__Your instructions__: Please restate the records that follow exactly, skipping their images.

Collection entries:
"""

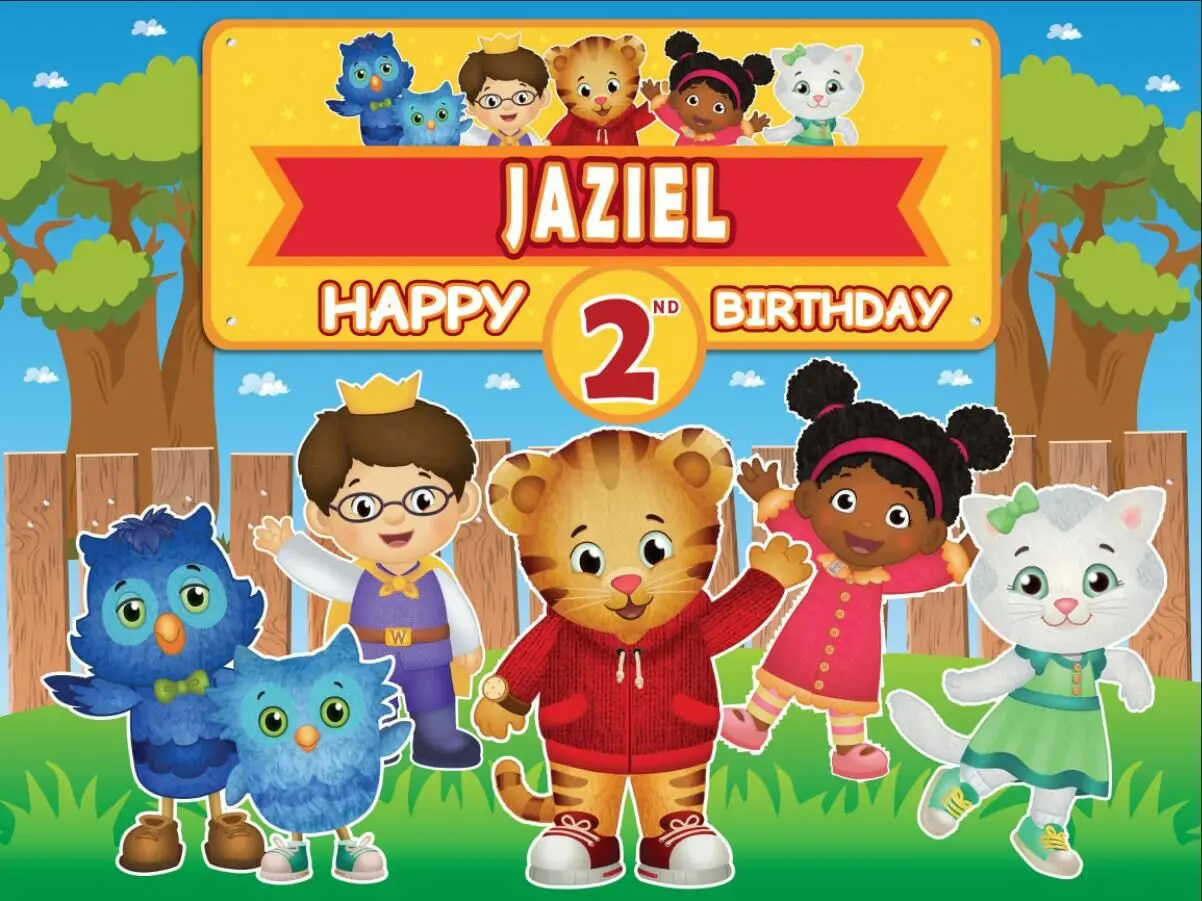 7x5ft Daniel Tigre Joyeux Anniversaire Fete Cloture De Jardin Personnalise Personnalise Photo Studio Fond Toile De Fond Vinyle 2cm X 150cm Aliexpress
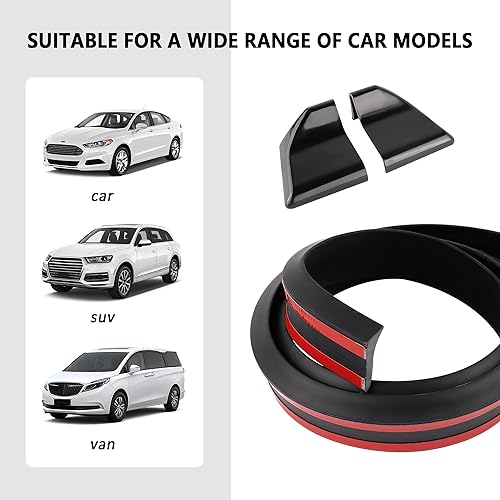 Miniatura 6 de Alerón trasero brillante de 59 pulgadas, borde de alerón trasero 3D, decoración de coche, universal, sin perforaciones, para portón trasero, techo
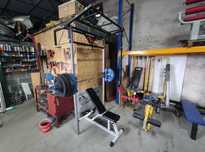 Klatka rack stojak drążek gryf olimpijski 117kg bumper Ławka ławeczka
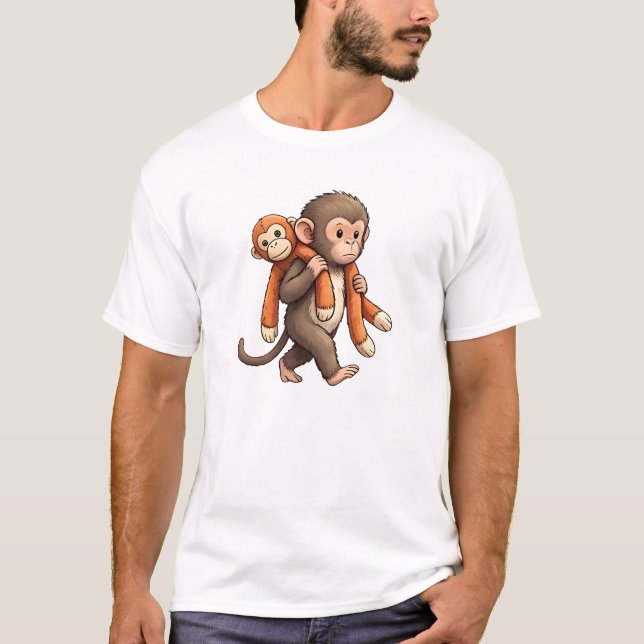 Punch The Baby Monkey Design T Shirt (Framsida)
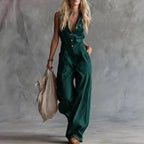 Ashley - Women’s Button Front Casual Wide Leg Jumpsuit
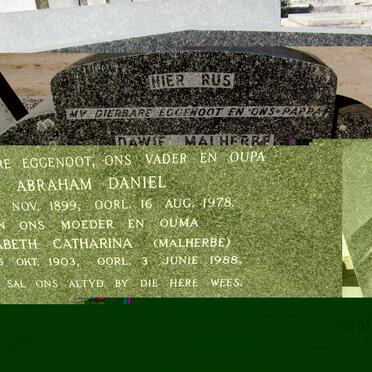 ROUX Abraham Daniel 1899-1978 &amp; Elizabeth Catharina MALHERBE 1903-1988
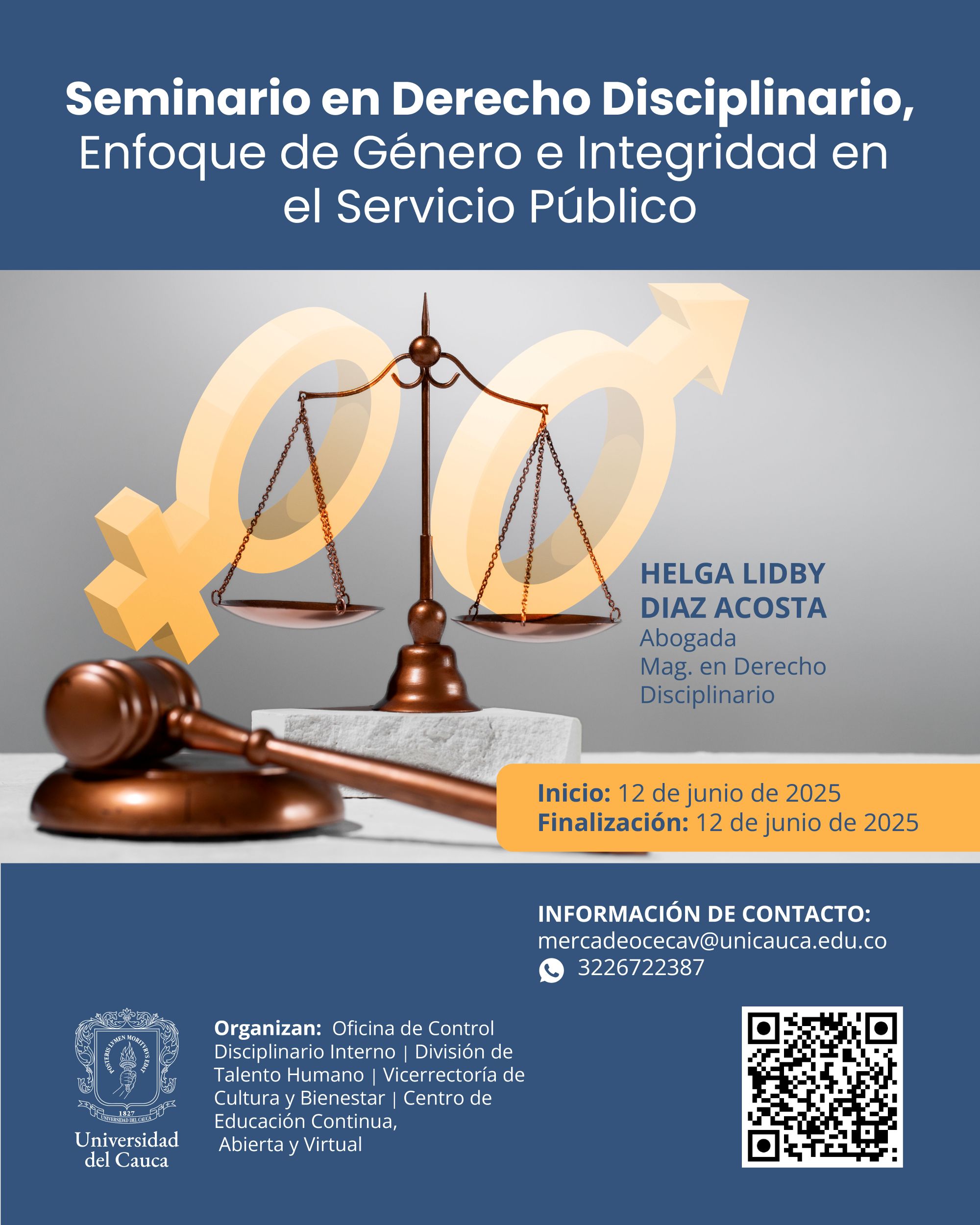 Imagen de Seminario en Derecho Disciplinario, Enfoque de Género e Integridad en el Servicio Público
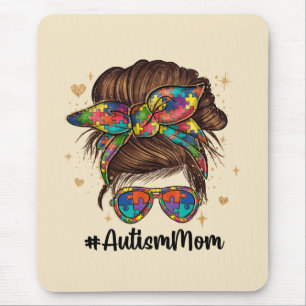 Messy Bun Proud Autism Mom Mouse Pad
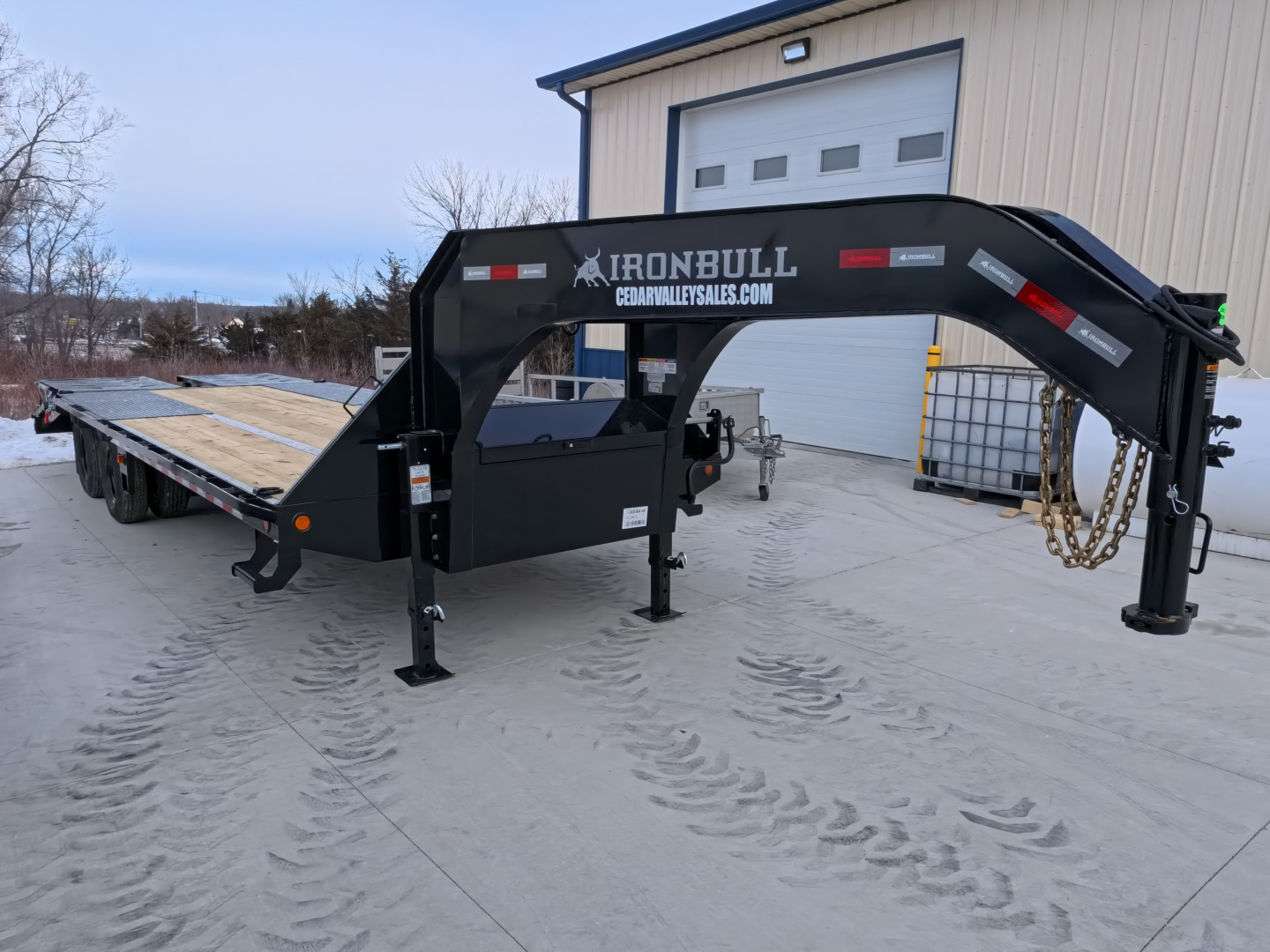 New 2026 Iron Bull 102 x 25 (20 +5) FLG Gooseneck Deckover with 23,900 lb. GVWR, Engineered Neck and Matching Spare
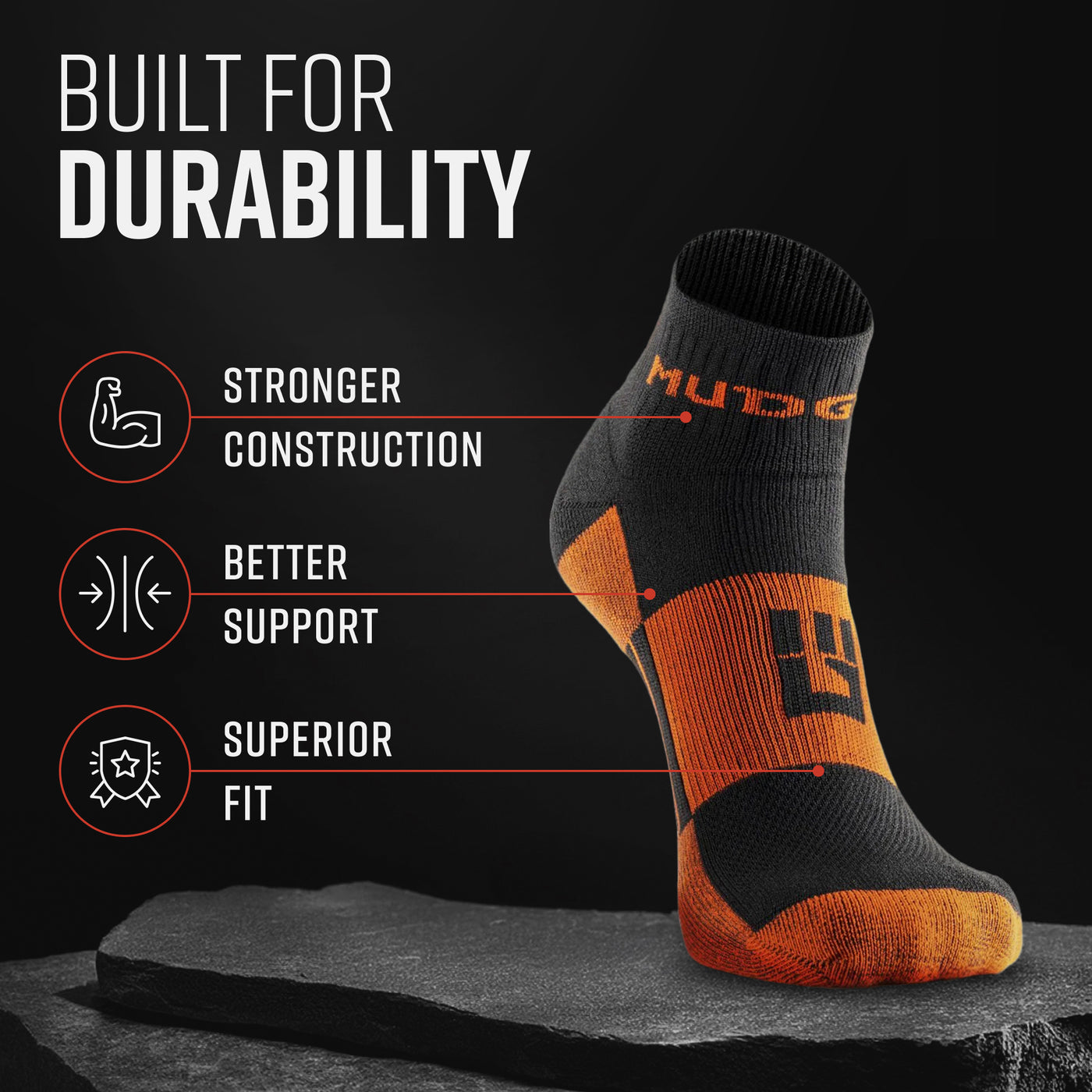 MudGear Quarter (¼) Crew Socks - Black/Orange (2 pair pack)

"""

__Written answer__:
 7x5ft Daniel Tigre Joyeux Anniversaire Fete Cloture De Jardin Personnalise Personnalise Photo Studio Fond Toile De Fond Vinyle 2cm X 150cm Aliexpress
 Miniatura 6 de Alerón trasero brillante de 59 pulgadas, borde de alerón trasero 3D, decoración de coche, universal, sin perforaciones, para portón trasero, techo
 Klatka rack stojak drążek gryf olimpijski 117kg bumper Ławka ławeczka
 Punch The Baby Monkey Design T Shirt (Framsida)
 Ashley - Women’s Button Front Casual Wide Leg Jumpsuit
 ROUX Abraham Daniel 1899-1978 &amp; Elizabeth Catharina MALHERBE 1903-1988
 Imagen de Seminario en Derecho Disciplinario, Enfoque de Género e Integridad en el Servicio Público
 Messy Bun Proud Autism Mom Mouse Pad
 New 2026 Iron Bull 102 x 25 (20 +5) FLG Gooseneck Deckover with 23,900 lb. GVWR, Engineered Neck and Matching Spare
 MudGear Quarter (¼) Crew Socks - Black/Orange (2 pair pack)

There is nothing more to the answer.